Ushering my dog out of the veterinary hospital after the removal of a large, but non-threatening, lipoma, I was stopped in my tracks. There was a dog, a smaller breed, rolling around on the grass. I wasn’t sure I was seeing things correctly. From the top, the shape of this dog reminded of an overfilled water balloon. He was rolling around in the grass and it was a struggle for him to get up on all fours. This dog, with a healthy weight of about 25 pounds, was standing in front of me struggling to stand. He was tipping the scales at 70 pounds.
My mind shot back to a dog we had taken in at the shelter. Maddy the Basset Hound could not stand up. Needless to say she could not walk either. Her head looked more like a tick than the beginning of a dog. Inside you could see her wish. She never stopped trying to overpower her physical condition. With the help of staff and volunteers, myself included, we got her on her feet. Then family with a heart as big as Maddy, adopted her and took it from there.
For dogs, eating is instinctual. Most of them have no shut-of valve. What goes into them and how much is really up to us. Though there are underlying medical conditions, hypothyroidism and Cushing’s to name 2, that present weight gain as a side effect, healthy dogs that suffer from obesity do so at our hand. When a choice is made to substitute the hard stuff, like exercise, training and other enrichment activities, with food, it is a disservice to our pets. This is not to say that treats, natural chews and other caloric fare don’t have their place. They can be wonderful additions to a rainy day. It is simple really. A dog’s genetics and lifestyle dictate their caloric needs. If their calorie requirement is exceeded on regular basis, they will gain weight.
Pet obesity is on the rise. According to the APOP, (Association for Pet Obesity Prevention), 55% of dogs are overweight or obese; 35% were overweight while 20.6% were obese. Weight gain has some very dangerous and sometimes life-threatening side effects. The effects range from chronic dermatological issues and heat intolerance on to much more sever conditions like cardiovascular disease, respiratory issues and diabetes. Many dogs experience stress on their joints and spines. An over weight dog’s life expectancy will be drastically reduced by this condition.

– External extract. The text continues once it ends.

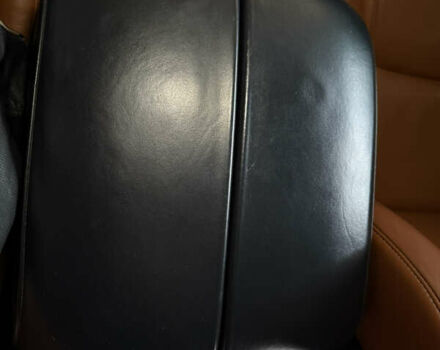 Черный Лексус ЛХ, объемом двигателя 5.7 л и пробегом 166 тыс. км за 44000 $, фото 15 на Automoto.ua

“Ok, I get it. Now, how do I tell if my dog is over weight?”
If you already suspect your dog is struggling with weight, contact your vet. If they can rule out any underlying medical conditions as a cause, they will help you with calorie calculations, exercise plans and dietary requirements. If you are not sure, you can do the following assessments yourself:
- Run your hand along your dog’s side with about the same amount of pressure you would use if you were petting him. You should be able to feel his ribs through a thin layer of fat. Inability to feel the ribs is one sign.
- Look at the anatomical profile of your dog, there should be an upward tuck of his abdomen. An abdomen that appears as a flat line or a bulge downward is another indicator.
- Look at your dog from above while he is standing up. You should able to see a narrowing of the waist just past the ribcage. A straight line or bulging outward from the rib cage to the rear is a sign that your dog is heavier than he should be.
Prepare yourself for the truth.
If your dog is struggling with weight, it’s time to be honest and take action. And yes, it is absolutely better late than never. New habits can make all the difference and add years to your dog’s life. If you’re anything like us, you will agree that is something worth working for.